D. Un’ultima domanda, ci parli del tuo progetto sul Borgo d’Arte di Arena Po?

R. Ad Arena Po, in provincia di Pavia, sulla riva del grande fiume, ho comprato un antico casolare, l’ho restaurato ed ho fondato l’Associazione Culturale CASADARTISTA. Grazie ad un’intesa con il Comune sto invitando vari colleghi artisti importanti a concederci delle loro grandi sculture in sintonia con l’ambiente, opere che stanno formando fra le vie del centro storico un vero e proprio museo all’aperto che stiamo chiamando per l’appunto MAPO, Museo Arte Ambiente Arena Po. Il progetto sta riscuotendo grande successo e quel borgo che sembrava destinato a spopolarsi oggi sta diventando progressivamente un borgo dalla vocazione turistica colta e di qualità

D. Abiti più a Milano o ad Arena Po?

R. Mi divido fra i due centri anche perchè mi sposto facilmente; fra Milano e Arena Po ci sono solo 46 chilometri.

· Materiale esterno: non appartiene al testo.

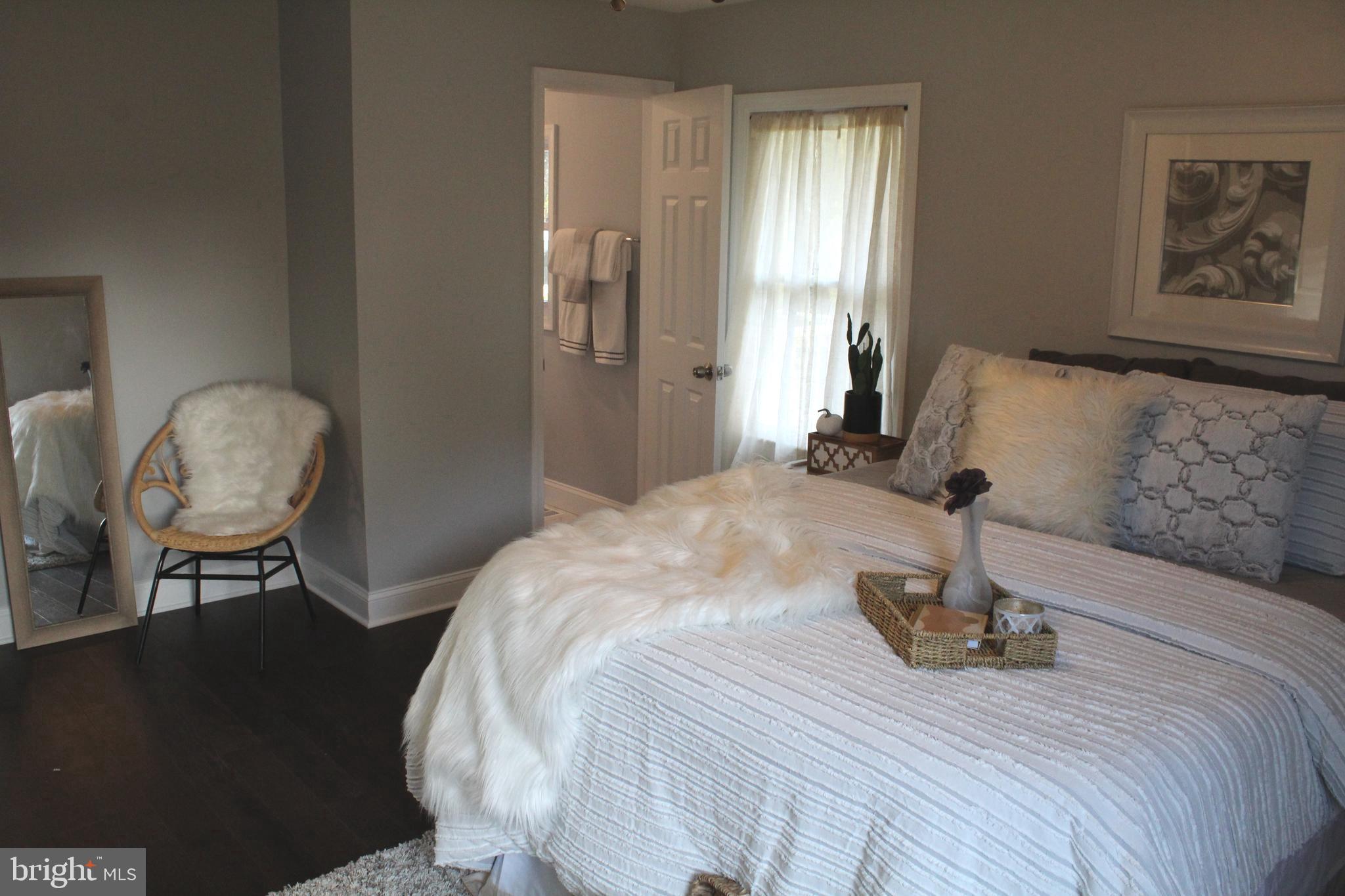4300 Sundown Road Gaithersburg, MD 20882 - Photo 17 of 41 Master Bedroom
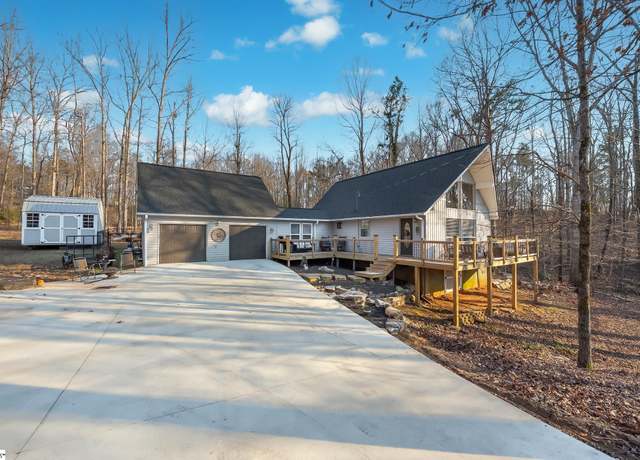 Property at 200 N Foxglove Rd, Westminster, SC 29693, 3 beds, 2.5 baths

Milano mi da stimoli culturali ed Arena Po mi sta facendo riconciliare con la natura e con l’ambiente, temi che per l’umanità sono argomenti forti di questo momento e lo saranno ancora di più nei prossimi anni. Per questo motivo già dal 2018 sto lavorando al nuovo ciclo di opere dal titolo “CULTURA TORNA NATURA”.